2) Understand the impact
Almost all websites depend on content from multiple servers and from multiple providers. Retail and news sites in particular tend to use a lot of third parties for advertising, retargeting, analytics, social media integrations, live chat and dynamic content. And it won’t always be immediately obvious where all that content is coming from.
At best, an outage such as this will mean that some of those third parties aren’t able to deliver their usual service.
We looked at the effect on a number of the UK’s top retail sites (using our synthetic monitoring service). In the example shown below, requests for the Twitter widget script were timing out (data start times are represented by the blue areas in this graph, with object size represented by the grey area).
Fortunately, third-party single points of failure (SPOFs) are now rare. The above script, for example, was loaded asynchronously. Visitors would have seen the loading spinner for a long time and would have missed out on content from Twitter, but the rest of the content on the page was delivered without a problem.
Of course, SPOFs aren’t limited to third-party content. First-party content is often hosted in a number of different places – for example, when a subsidiary company has its own infrastructure, but delivers certain content from the parent organisation.
One retail website lost a number of key images during last night’s outage – the following graph shows how one of them was unavailable for around three hours:
Another had to make do without its custom fonts:
This would have been a problem in those browsers that wait for a custom font to load before displaying the text it applies to. The potential for fonts to become, practically speaking, a SPOF is also compelling reason for browsers to adopt the font-display CSS property. This, broadly, allows the site owner to decide whether the browser should wait for a font to load or show ‘flash of unstyled text’.
3) Be ready to react
Knowing there’s a problem is one thing. Being able to do something about it is quite another. For example, simply removing the reliance on custom fonts in the above example might have been a good temporary fix, protecting the user experience.
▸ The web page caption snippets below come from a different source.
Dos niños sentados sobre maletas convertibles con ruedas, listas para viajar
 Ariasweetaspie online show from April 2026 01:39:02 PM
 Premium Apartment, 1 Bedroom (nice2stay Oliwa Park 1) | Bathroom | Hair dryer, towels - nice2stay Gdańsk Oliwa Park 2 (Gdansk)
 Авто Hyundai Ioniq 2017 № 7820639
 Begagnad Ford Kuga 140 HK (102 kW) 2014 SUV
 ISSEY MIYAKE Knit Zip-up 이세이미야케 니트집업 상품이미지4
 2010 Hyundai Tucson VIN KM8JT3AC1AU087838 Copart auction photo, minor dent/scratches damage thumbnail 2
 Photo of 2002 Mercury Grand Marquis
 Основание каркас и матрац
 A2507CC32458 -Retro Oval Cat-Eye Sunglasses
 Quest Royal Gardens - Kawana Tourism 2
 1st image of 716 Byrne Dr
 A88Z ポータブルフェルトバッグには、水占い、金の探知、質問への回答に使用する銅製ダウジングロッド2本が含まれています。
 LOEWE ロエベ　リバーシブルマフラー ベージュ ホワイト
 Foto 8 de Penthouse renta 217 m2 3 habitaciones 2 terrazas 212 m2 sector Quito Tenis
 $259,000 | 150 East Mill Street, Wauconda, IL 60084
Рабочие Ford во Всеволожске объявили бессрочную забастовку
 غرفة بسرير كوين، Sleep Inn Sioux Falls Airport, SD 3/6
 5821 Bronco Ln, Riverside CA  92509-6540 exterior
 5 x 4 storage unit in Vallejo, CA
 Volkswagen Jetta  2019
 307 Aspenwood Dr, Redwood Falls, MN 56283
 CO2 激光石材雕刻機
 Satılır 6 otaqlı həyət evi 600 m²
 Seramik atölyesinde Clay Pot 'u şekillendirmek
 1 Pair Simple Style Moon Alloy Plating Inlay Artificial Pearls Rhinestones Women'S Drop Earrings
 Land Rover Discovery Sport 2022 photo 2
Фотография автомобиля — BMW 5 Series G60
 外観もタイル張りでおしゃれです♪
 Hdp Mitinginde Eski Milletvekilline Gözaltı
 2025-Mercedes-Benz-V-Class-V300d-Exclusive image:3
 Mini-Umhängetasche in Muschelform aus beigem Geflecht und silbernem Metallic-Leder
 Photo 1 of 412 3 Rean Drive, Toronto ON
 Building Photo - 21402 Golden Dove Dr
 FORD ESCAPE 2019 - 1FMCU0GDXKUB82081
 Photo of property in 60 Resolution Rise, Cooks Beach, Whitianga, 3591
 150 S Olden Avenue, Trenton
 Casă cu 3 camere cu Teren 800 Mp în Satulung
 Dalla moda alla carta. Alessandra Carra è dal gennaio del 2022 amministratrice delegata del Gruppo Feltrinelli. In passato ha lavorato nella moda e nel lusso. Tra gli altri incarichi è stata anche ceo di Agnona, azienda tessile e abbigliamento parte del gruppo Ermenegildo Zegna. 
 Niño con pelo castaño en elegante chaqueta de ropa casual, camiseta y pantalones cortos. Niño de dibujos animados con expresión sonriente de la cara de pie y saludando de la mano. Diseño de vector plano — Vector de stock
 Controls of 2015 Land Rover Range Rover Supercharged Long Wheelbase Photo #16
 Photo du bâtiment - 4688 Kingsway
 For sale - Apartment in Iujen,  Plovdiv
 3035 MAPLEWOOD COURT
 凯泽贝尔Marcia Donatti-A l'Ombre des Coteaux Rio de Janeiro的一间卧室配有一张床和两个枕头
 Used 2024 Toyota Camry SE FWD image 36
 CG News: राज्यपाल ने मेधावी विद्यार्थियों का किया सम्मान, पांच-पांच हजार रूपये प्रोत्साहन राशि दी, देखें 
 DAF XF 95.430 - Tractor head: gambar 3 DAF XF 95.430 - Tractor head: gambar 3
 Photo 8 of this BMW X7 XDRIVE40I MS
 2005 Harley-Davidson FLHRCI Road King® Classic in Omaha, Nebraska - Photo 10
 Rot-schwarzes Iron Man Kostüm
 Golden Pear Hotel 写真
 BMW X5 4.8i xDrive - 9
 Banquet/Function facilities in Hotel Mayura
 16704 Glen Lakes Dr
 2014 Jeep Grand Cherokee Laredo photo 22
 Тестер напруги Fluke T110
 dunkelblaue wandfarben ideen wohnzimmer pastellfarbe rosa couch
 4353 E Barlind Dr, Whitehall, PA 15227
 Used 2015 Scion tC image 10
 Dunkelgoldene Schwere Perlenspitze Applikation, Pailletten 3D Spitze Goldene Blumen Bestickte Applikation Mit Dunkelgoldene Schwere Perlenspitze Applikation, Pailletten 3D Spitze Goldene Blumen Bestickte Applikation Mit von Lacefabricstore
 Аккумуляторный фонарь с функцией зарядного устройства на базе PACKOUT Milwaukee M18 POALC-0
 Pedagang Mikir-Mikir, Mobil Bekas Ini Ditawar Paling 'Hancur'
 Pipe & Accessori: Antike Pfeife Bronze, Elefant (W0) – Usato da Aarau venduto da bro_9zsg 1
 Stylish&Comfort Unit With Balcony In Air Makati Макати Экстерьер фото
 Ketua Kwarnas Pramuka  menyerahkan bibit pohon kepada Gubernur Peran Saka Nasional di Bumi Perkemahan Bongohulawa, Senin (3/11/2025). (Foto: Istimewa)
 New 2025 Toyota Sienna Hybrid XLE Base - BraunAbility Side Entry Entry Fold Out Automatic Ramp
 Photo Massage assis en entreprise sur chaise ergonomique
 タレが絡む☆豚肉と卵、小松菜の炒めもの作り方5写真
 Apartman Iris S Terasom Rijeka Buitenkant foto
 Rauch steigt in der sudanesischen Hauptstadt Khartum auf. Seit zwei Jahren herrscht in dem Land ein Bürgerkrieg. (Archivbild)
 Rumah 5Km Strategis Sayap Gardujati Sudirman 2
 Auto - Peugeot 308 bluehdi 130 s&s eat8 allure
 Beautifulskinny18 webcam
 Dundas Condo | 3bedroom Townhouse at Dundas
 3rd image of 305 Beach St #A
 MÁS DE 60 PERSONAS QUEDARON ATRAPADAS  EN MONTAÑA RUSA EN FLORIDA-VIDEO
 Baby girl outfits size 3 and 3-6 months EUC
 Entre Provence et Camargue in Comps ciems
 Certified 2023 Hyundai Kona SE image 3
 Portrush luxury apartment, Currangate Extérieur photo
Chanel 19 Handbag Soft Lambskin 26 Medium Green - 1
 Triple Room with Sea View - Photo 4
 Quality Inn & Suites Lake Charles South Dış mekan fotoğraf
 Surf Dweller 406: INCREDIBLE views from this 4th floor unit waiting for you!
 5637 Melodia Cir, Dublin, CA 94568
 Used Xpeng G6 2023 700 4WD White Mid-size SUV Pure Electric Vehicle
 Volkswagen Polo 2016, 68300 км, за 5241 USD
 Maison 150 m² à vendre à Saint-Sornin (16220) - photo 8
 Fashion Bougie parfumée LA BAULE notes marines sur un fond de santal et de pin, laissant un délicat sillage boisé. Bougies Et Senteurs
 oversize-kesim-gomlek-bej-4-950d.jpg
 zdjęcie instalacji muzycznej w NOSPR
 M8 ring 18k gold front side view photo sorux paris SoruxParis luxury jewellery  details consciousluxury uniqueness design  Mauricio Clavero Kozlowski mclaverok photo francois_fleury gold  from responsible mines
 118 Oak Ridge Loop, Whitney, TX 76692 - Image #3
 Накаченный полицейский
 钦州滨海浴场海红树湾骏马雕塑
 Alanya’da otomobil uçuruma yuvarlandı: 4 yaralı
We did see an example of one third-party provider apparently pointing an asset’s URL to a new location. This is evidenced in the graph below by the relative brevity of the outage (represented by the long data start times in blue), after which there is a small change in the size of the object (shown in grey).
While many UK retail sites coped well with the outage, thanks to asynchronously loaded third-party scripts, it looks as though a few were still caught out. It’s therefore important for site owners to understand where their single points of failure lie and to have contingency plans in place in the event of an outage.